They are just AWFUL here in Georgia this year, despite our unusually cold winter. We picked 3 off of our dogs just last night - and one off of my husband.

I think that vinegar/water spray repels them (just watch your dogs eyes). I'm going to try that the next time we head out to our farm, but the problem is, as soon as they swim, the spray is gone. Check the internet for mixture suggestion.

Stupid blood suckers!


----------



## Vizsla Baby (Nov 4, 2011)

This might help.

http://healthyposts.wordpress.com/2013/05/09/homemade-tick-repellents-for-humans-and-dogs/


----------



## Jallen2014 (Mar 18, 2014)

I did try the vinager and water but they still get at least 3-4 on each ear, so I have to de-tick them before they come inside the house.
some are deer ticks (the fat ones) and most are the dar-red flat ones. so I'm gonna keep doing the spray & leave the collars.
thank you!


----------



## tknafox2 (Apr 2, 2013)

I have been using essential oil of citronella. I dab it on my palm rub them together to activate, and then pat on my pup, ears,neck,chest, legs. careful not to touch sensitive areas.
So far, I have had no ticks or fleas.
His bath shampoo ( Young Living Animal Scents) has essential as well, smells wonderful and seems to protect well. I haven't put a collar on him yet, but may as the season progresses.


----------



## mlwindc (Feb 8, 2013)

May be a dumb question, but how easy are the collars go remove and put back on? I have been front lining Wilson, but it doesn't always work. He ended up with 30 ticks after one romp in the shenendoah.
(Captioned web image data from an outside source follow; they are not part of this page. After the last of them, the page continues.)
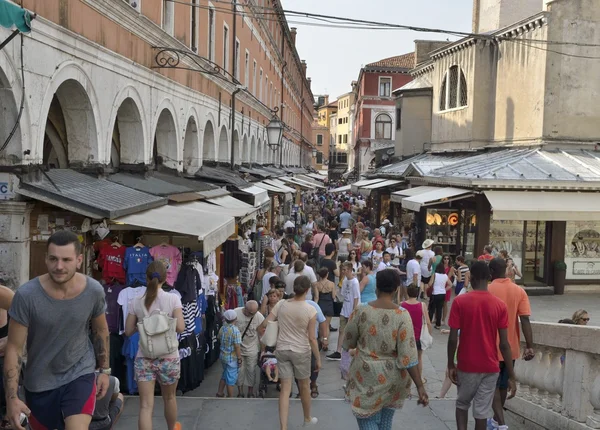 Rialto market in august — Stock Photo, Image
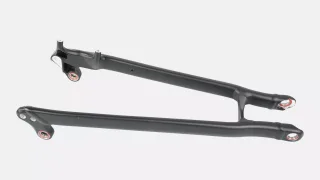STS MY17 SW CAMBER FSR 650B, ALLOY SEATSTAY, 12X148MM - CARBON/BLACK/HYPER GREEN W/O DECAL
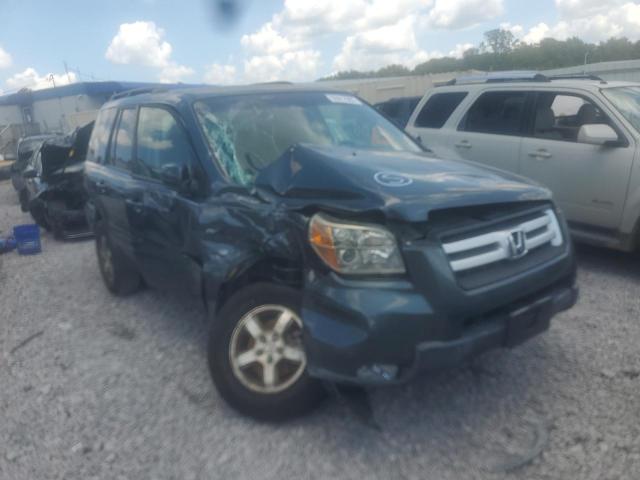 HONDA PILOT EX 2006 with VIN 5FNYF28466B036516 - Photo from auction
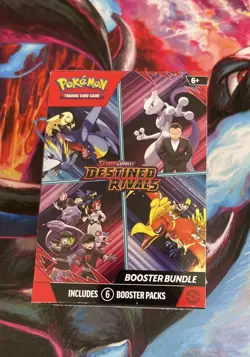 Pokemon Scarlett & Violet Destined Rivals Booster Bundle Sealed - Image 1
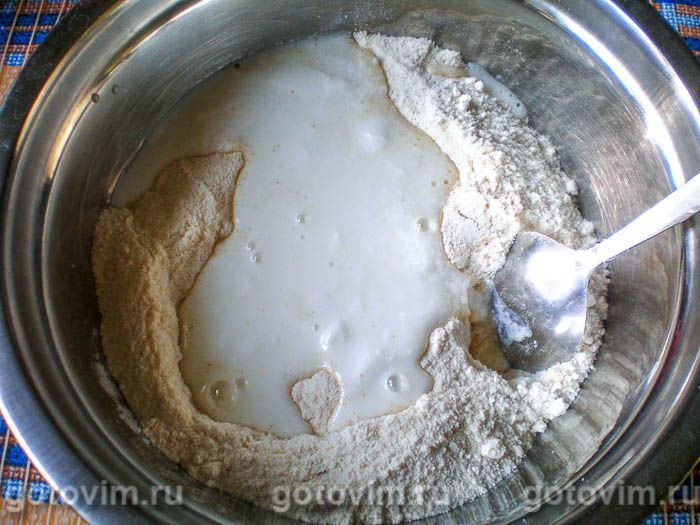 Фотографии рецепта Басбуса с маком, 01 Басбуса с маком, Шаг 01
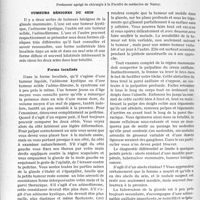 3459 - Page 3018 - Partie scientifique. Travaux originaux. Les diagnostics chirurgicaux au lit du malade. Le diagnostic précoce des tumeurs du sein — Procédés modernes, par M. Barthélemy. Tumeurs bénignes du sein. Forme localisée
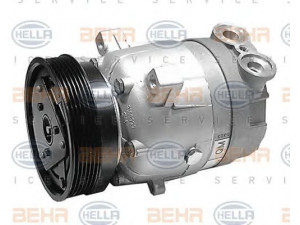 HELLA 8FK 351 134-061 kompresorius, oro kondicionierius 
 Oro kondicionavimas -> Kompresorius/dalys
11 35 323, 18 54 032, 18 54 094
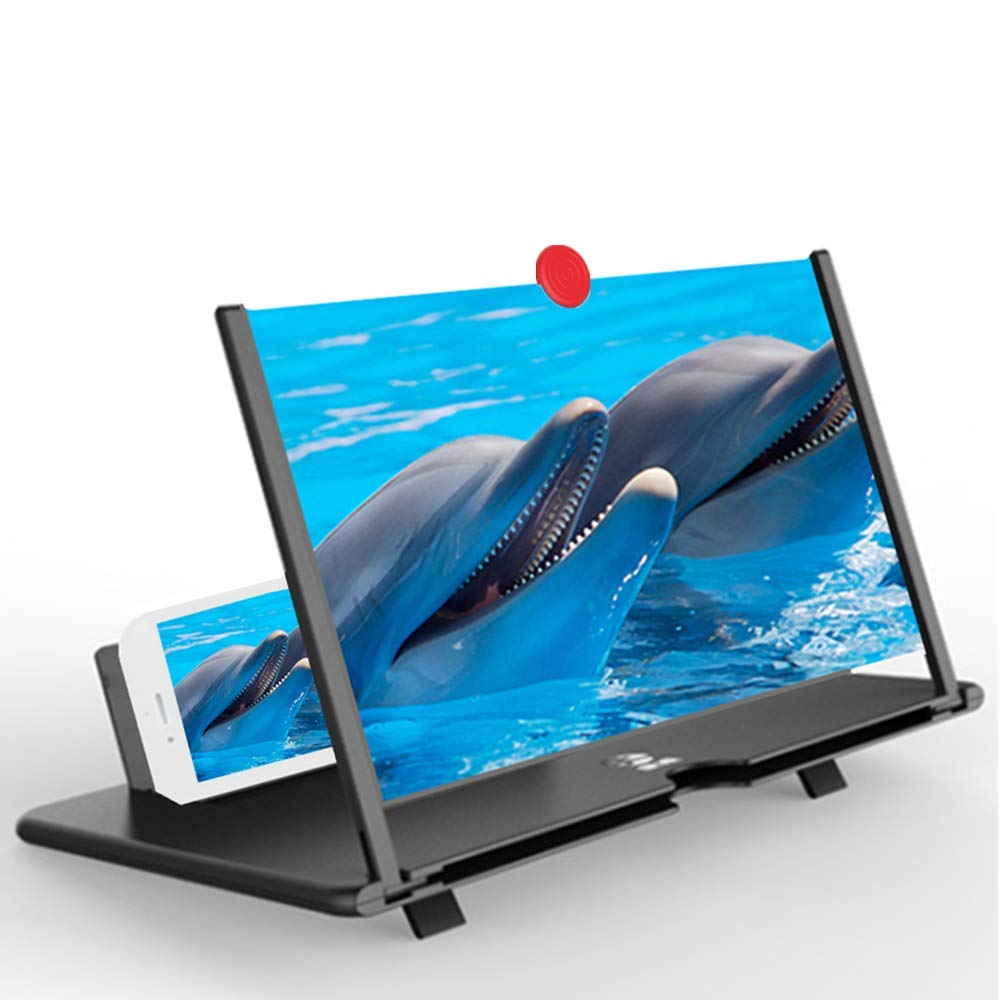 3D Mobile Screen Magnifier Stand |Foldable - Image 2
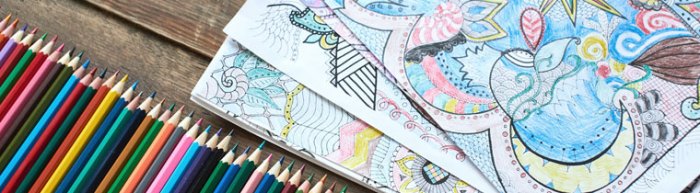 Ausmalbilder für Buntstifte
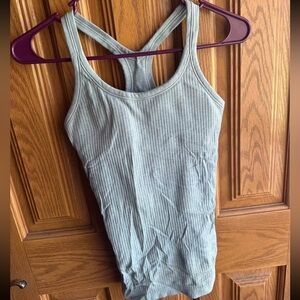 Lululemon Tank Top Light Support in dusty blue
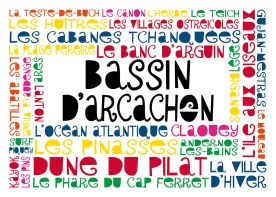 Mots du Bassin d'Arcachon(Côté Bord'eau Editions)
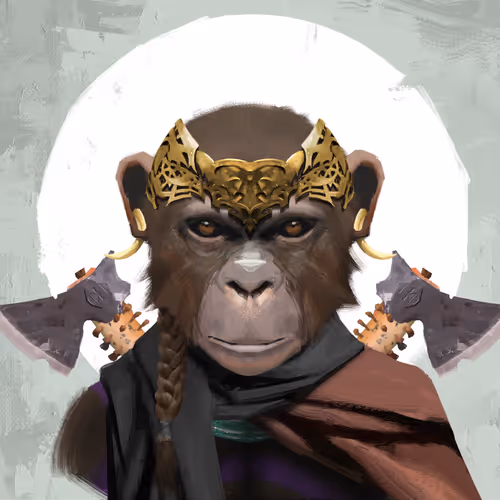 Angry Ape Army Valkyrie Collection
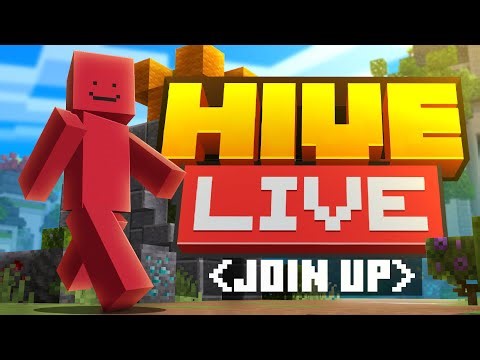 🔴 HIVE LIVE BUT MARATHON STREAM TOMORROW! | 💎 MINECRAFT WITH YOU ⛏️
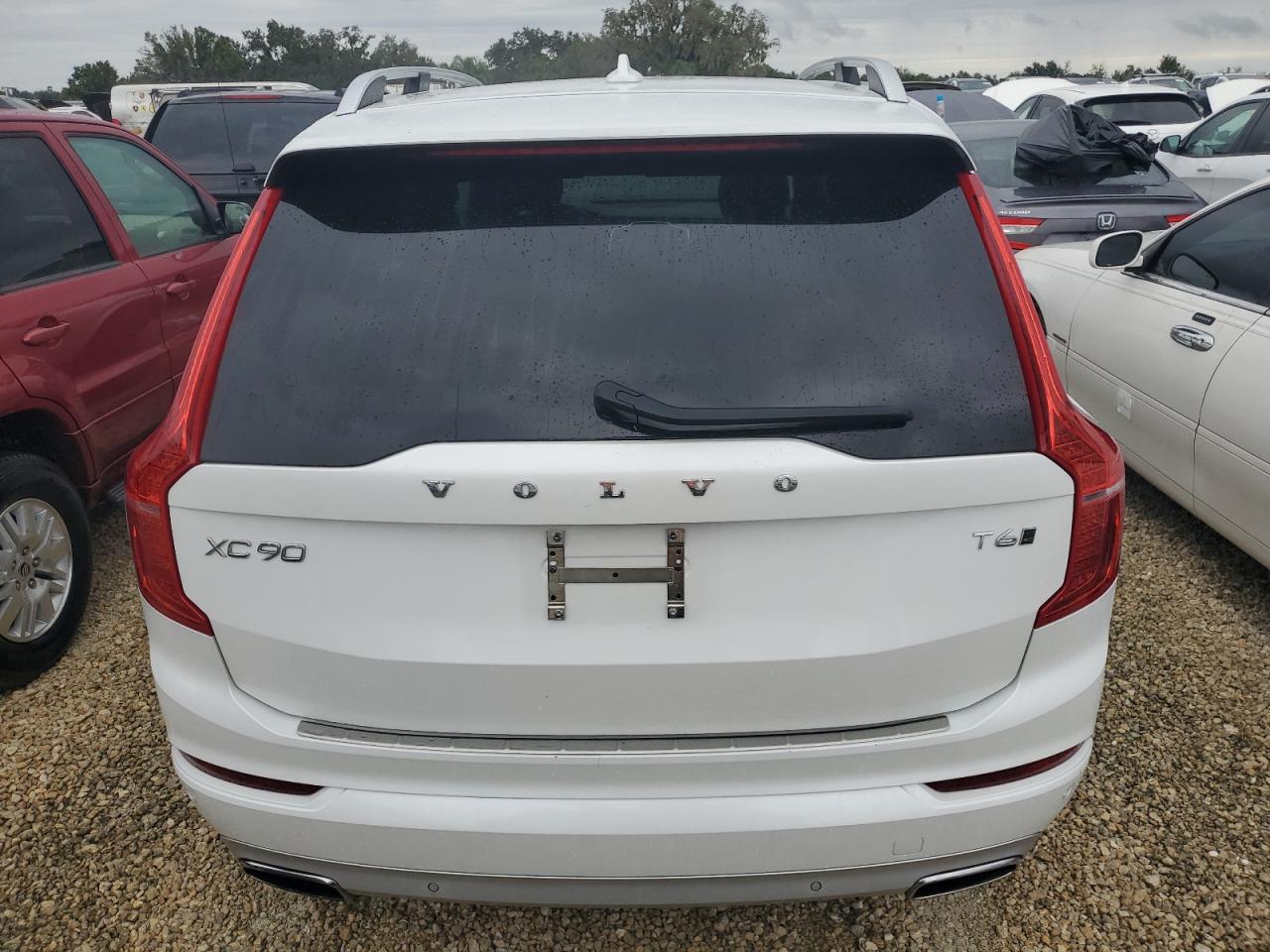 YV4A22PK4K1499509 2019 Volvo Xc90 T6 Momentum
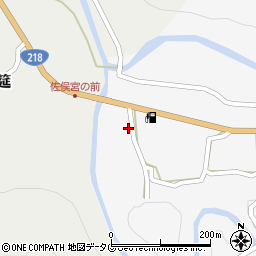 熊本県下益城郡美里町佐俣130周辺の地図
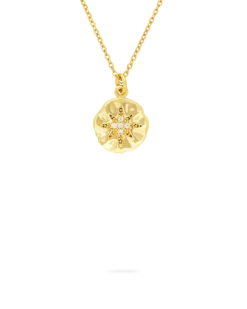 Collier - Hammered Plate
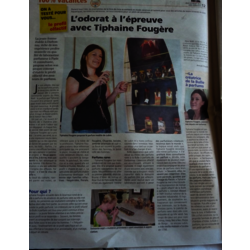 Parfumerie Jura Bulle à parfums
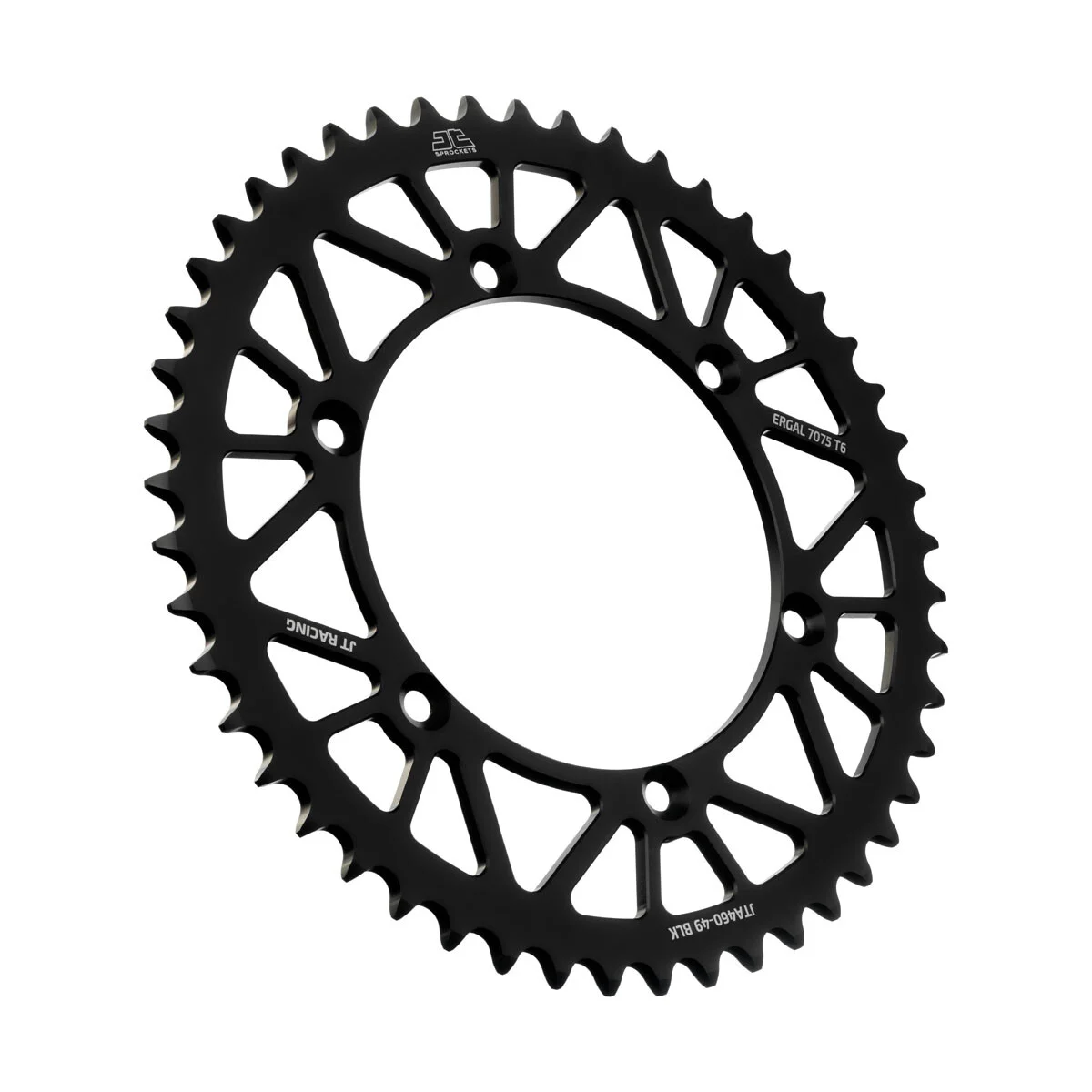 JT - JTA460.49BLK - Aluminum Racelite Rear Sprocket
I am interested in the preventic collars, but he really doesn't need to wear it all the time because he is inside the house and we live in town-just when we go for hikes or in the country. So, I guess my question is - does the collar "expire" from use? Or just because of opening? If I put it on for a weekend, can I zip it up in a bag and then use it again in a few months when we go out again?


----------



## redbirddog (Apr 23, 2010)

About 10 seconds to put on and take off.

They are sealed in a air tight bag when you buy them. The idea is to have it on for awhile before and after you NEED it.

Tick season is different in places and two a year covers six to eight months. If you can keep them dry they do last longer.

Rod


----------



## Oquirrh the V (Jun 24, 2011)

Pulled two ticks out of Oquirrh's ear last night. Not a happy momma. So disgusting!!!


----------